Vous souhaitez avoir un avant-goût des transports de demain ? Vous pouvez désormais emprunter gratuitement tous les week-end la navette autonome qui relie la mairie de Vincennes au cœur du bois du même nom. C’est ce que nous avons fait lors d’une présentation à la presse organisée par la RATP cette semaine.
Un safety driver à bord
Nous prenons place à l’intérieur de ce petit véhicule aux formes arrondies d’une contenance de quinze personnes, mais qui ne peut accueillir que six passagers assis. Nous sommes accueillis par un safety driver, un agent de la RATP chargé de reprendre le contrôle manuellement sur la machine en cas de problème. Il se tient en alerte avec, en bandoulière, une sorte de grosse console de pilotage.

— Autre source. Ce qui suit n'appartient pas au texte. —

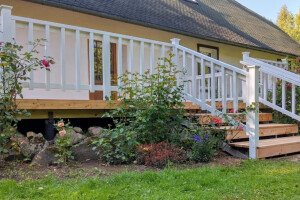 EHITUS- JA PUUSEPPMEISTER OÜ Terrasside ehitus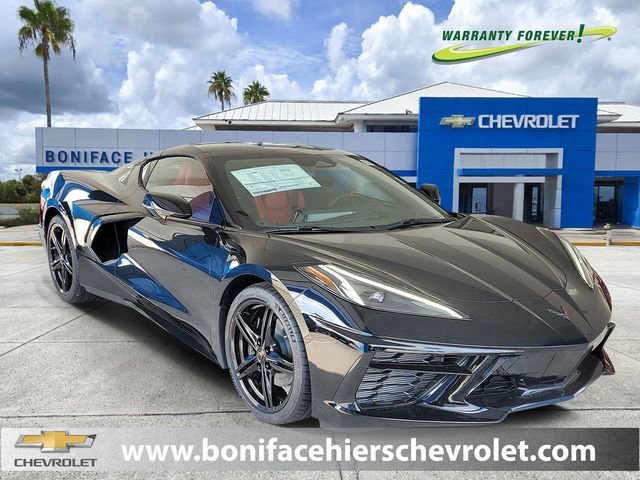 2026 Chevrolet Stingray 1LT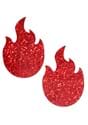 Pastease Red Glitter Flame Pasties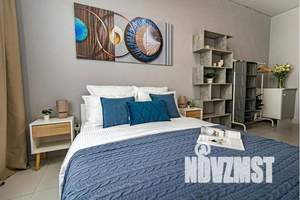 1-к квартира, посуточно, 36м2, 15/19 этаж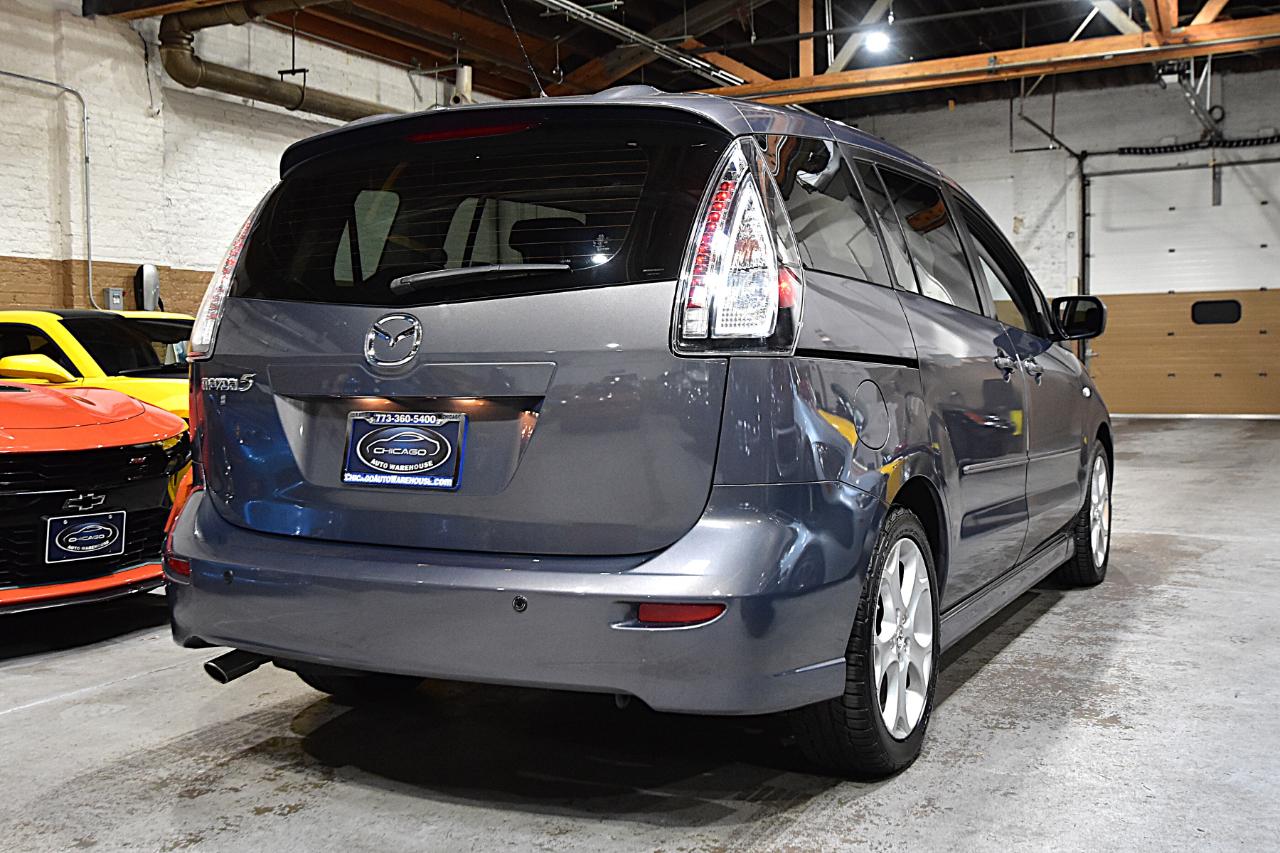 Mazda MAZDA5 4dr Wgn Auto Touring 2008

Première surprise, on est prié de boucler notre ceinture, parce que le véhicule peut être amené à freiner brutalement. Nous constatons que le système de navigation fonctionne de façon fluide : la navette lit parfaitement la signalétique routière et réagit rapidement aux changements des feux de signalisation. Même chose par rapport à l’environnement. Elle détecte sans aucun problème les voitures ou piétons à proximité.
Une vitesse assez lente
En fait, le seul reproche qu’on pourrait lui faire, c’est sa vitesse qui est plutôt lente : entre 13 et 18 km/h. Vous progresserez donc plus vite en vélo ou même en courant si vous tenez une bonne allure. Il est toutefois prévu de parvenir à une vitesse moyenne de 20 km/h dans les mois qui viennent.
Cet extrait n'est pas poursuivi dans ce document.